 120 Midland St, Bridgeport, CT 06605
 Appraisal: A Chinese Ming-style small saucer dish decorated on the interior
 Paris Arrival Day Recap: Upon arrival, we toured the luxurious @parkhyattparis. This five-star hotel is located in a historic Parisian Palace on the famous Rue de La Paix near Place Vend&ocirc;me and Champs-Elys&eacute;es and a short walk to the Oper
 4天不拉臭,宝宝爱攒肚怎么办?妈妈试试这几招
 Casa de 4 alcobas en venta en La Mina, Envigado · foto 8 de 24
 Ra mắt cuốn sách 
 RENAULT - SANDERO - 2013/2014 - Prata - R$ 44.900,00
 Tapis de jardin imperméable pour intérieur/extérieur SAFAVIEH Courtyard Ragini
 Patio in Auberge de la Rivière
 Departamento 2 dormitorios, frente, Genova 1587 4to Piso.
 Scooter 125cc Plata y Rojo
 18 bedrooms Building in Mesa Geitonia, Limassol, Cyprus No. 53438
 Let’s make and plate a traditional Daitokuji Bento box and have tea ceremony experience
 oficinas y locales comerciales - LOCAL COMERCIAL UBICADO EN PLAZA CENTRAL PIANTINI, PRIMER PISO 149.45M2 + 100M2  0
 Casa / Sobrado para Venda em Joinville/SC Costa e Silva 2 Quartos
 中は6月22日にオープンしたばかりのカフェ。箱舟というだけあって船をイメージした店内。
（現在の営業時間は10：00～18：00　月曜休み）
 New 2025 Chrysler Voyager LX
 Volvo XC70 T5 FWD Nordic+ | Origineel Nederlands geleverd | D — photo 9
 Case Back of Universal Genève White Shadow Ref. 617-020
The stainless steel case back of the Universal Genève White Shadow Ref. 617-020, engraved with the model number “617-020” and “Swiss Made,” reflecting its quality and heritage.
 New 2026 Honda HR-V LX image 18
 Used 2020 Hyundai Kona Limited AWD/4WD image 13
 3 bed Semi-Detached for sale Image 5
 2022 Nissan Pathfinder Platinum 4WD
● ● ● ● ● ● ●
WHAT YOU ARE ASKED TO DO. Quote the listing in full, please, keeping every line exact.

WRITTEN ANSWER.
 120 Midland St, Bridgeport, CT 06605
 Appraisal: A Chinese Ming-style small saucer dish decorated on the interior
 Paris Arrival Day Recap: Upon arrival, we toured the luxurious @parkhyattparis. This five-star hotel is located in a historic Parisian Palace on the famous Rue de La Paix near Place Vend&ocirc;me and Champs-Elys&eacute;es and a short walk to the Oper
 4天不拉臭,宝宝爱攒肚怎么办?妈妈试试这几招
 Casa de 4 alcobas en venta en La Mina, Envigado · foto 8 de 24
 Ra mắt cuốn sách 
 RENAULT - SANDERO - 2013/2014 - Prata - R$ 44.900,00
 Tapis de jardin imperméable pour intérieur/extérieur SAFAVIEH Courtyard Ragini
 Patio in Auberge de la Rivière
 Departamento 2 dormitorios, frente, Genova 1587 4to Piso.
 Scooter 125cc Plata y Rojo
 18 bedrooms Building in Mesa Geitonia, Limassol, Cyprus No. 53438
 Let’s make and plate a traditional Daitokuji Bento box and have tea ceremony experience
 oficinas y locales comerciales - LOCAL COMERCIAL UBICADO EN PLAZA CENTRAL PIANTINI, PRIMER PISO 149.45M2 + 100M2  0
 Casa / Sobrado para Venda em Joinville/SC Costa e Silva 2 Quartos
 中は6月22日にオープンしたばかりのカフェ。箱舟というだけあって船をイメージした店内。
（現在の営業時間は10：00～18：00　月曜休み）
 New 2025 Chrysler Voyager LX
 Volvo XC70 T5 FWD Nordic+ | Origineel Nederlands geleverd | D — photo 9
 Case Back of Universal Genève White Shadow Ref. 617-020
The stainless steel case back of the Universal Genève White Shadow Ref. 617-020, engraved with the model number “617-020” and “Swiss Made,” reflecting its quality and heritage.
 New 2026 Honda HR-V LX image 18
 Used 2020 Hyundai Kona Limited AWD/4WD image 13
 3 bed Semi-Detached for sale Image 5
 2022 Nissan Pathfinder Platinum 4WD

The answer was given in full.